> [Aim of the task]: A faithful, complete transcript of the entries below, without pictures, should be returned.

> [Provided records]:
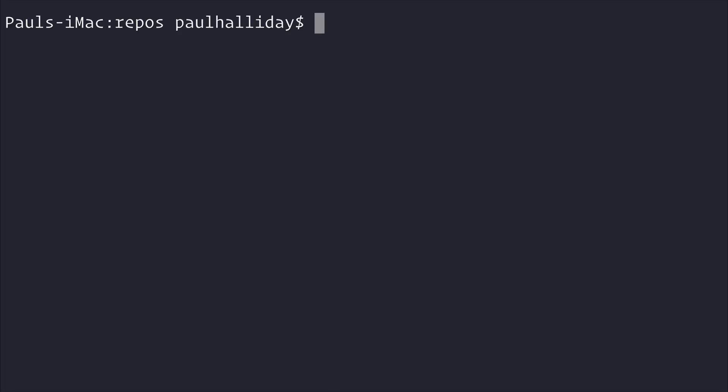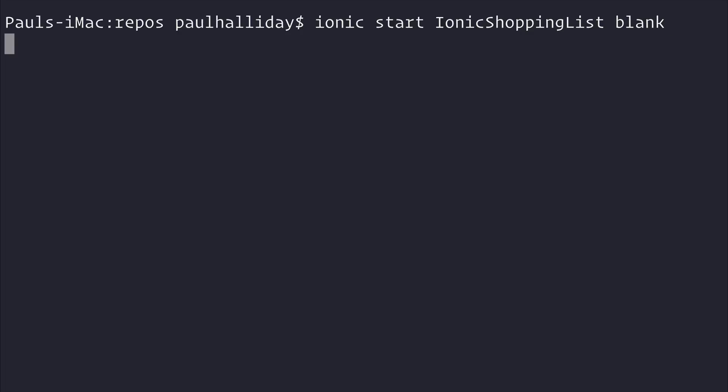After that, we can create a new project with the Ionic command line interface by saying ionic start. I'll call this IonicShoppingList. We'll base this on the blank template, so let's use blank as the template option and hit enter.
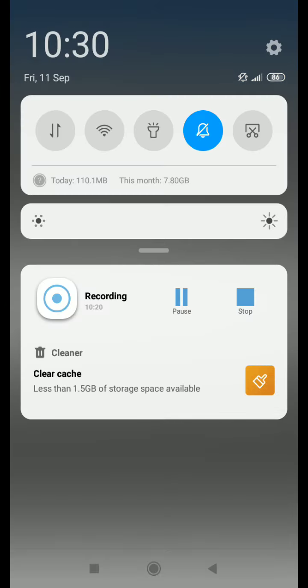I will provide the principle, working, and instrumentation of the flame photometer on Google Classroom. I will also provide the link showing how to use the flame photometer. Thank you.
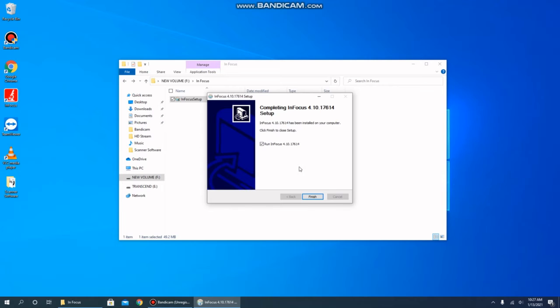When the software is fully installed, you will notice that an InFocus icon appears on your desktop and we're ready to go. At this time, it's important to make sure that the camera is powered on and connected to your computer via the USB 3 port.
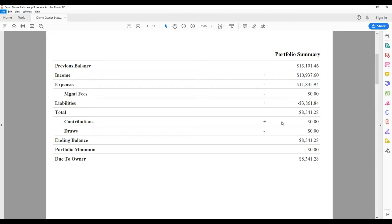For example, an owner may have $1,000 in rent income, but they need to replace a furnace for $3,000. The owner can contribute $2,000 to their account through the owner portal, so we have enough money on hand to pay that invoice for them.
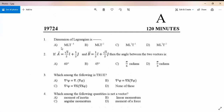In the physics exam, the first question is the dimension of Lagrangian. Lagrangian L is equal to T minus V, that is kinetic energy minus potential energy.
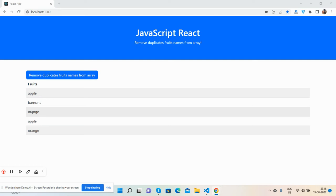So apple and orange come two times and also you can see one button: Remove Duplicates Fruit Name from Array.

> [Exercise output]:
After that, we can create a new project with the Ionic command line interface by saying ionic start. I'll call this IonicShoppingList. We'll base this on the blank template, so let's use blank as the template option and hit enter.
I will provide the principle, working, and instrumentation of the flame photometer on Google Classroom. I will also provide the link showing how to use the flame photometer. Thank you.
When the software is fully installed, you will notice that an InFocus icon appears on your desktop and we're ready to go. At this time, it's important to make sure that the camera is powered on and connected to your computer via the USB 3 port.
For example, an owner may have $1,000 in rent income, but they need to replace a furnace for $3,000. The owner can contribute $2,000 to their account through the owner portal, so we have enough money on hand to pay that invoice for them.
In the physics exam, the first question is the dimension of Lagrangian. Lagrangian L is equal to T minus V, that is kinetic energy minus potential energy.
So apple and orange come two times and also you can see one button: Remove Duplicates Fruit Name from Array.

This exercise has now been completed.